Jessica S Hagen-Zanker, Maastricht University
Carlo Azzarri, World Bank Group

While Albania is more known for its massive international migration, internal migration is also noteworthy and understudied. This paper consequently tries to fill a gap in the literature by assessing the impact of internal migration on poverty. Earlier studies on Albanian migration show that internal and international migration flows show distinctive patterns: internal migrants mainly come from the mountain and North-Eastern districts, migrate to the peripheries of big urban centres, and are generally poorer. We make use of detailed information on the residence duration of internal migrants, as well as local economic and social conditions they are exposed to, taking advantage of the 2005 Albania LSMS with a focus on the households oversampled in peri-urban Tirana.
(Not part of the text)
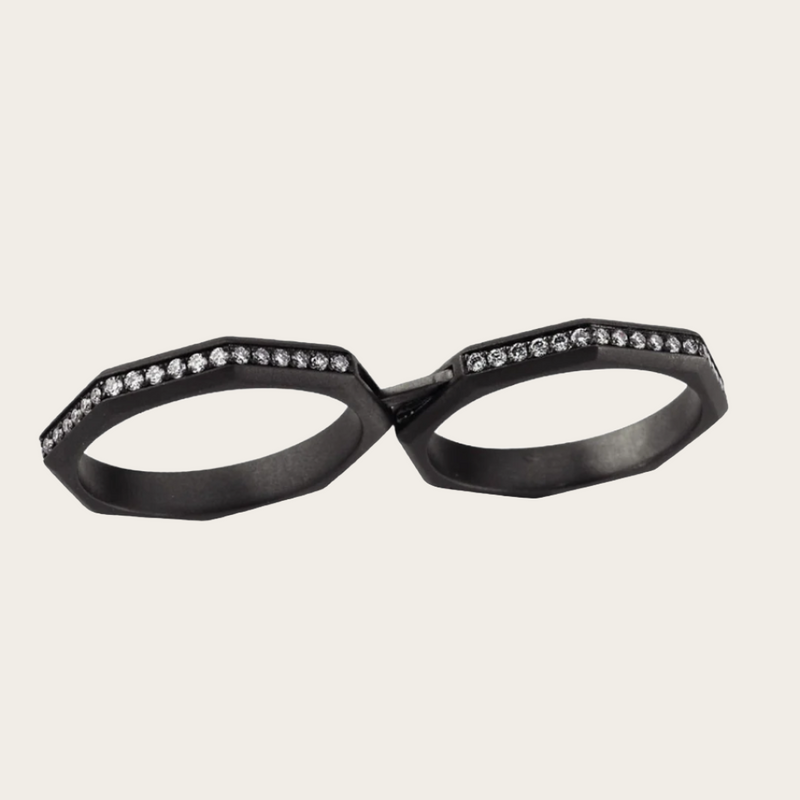Ascher Matte Brushed Full Diamond Nova II Double Ring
We assess whether welfare in terms of health, education, consumption, income, and inequality has changed after internal migration. Our descriptive statistics confirm earlier studies on peri-urban Tirana and show that migrant households live in poor dwelling conditions, work in irregular and unstable employment and have low levels of health and schooling. However, their total per-capita income and consumption is higher than for rural households. Recent arrivals are poorer and migrant households are poorer than non-migrant households in peri-urban areas, so to some extent we see that poor households relocate from rural to peri-urban areas. Further analysis on the impact of internal migration is based on econometric techniques. The propensity-score-matching (PSM) approach and the instrumental variable (IV) method are used to compare rural migrant households in the destination communities with their similar counterparts in rural Albania who did not move, taking their pre-migration wealth into account. The econometric analysis confirms our descriptive statistics and show that migration has had a positive impact on income, but that overall consumption levels are unchanged or reduced.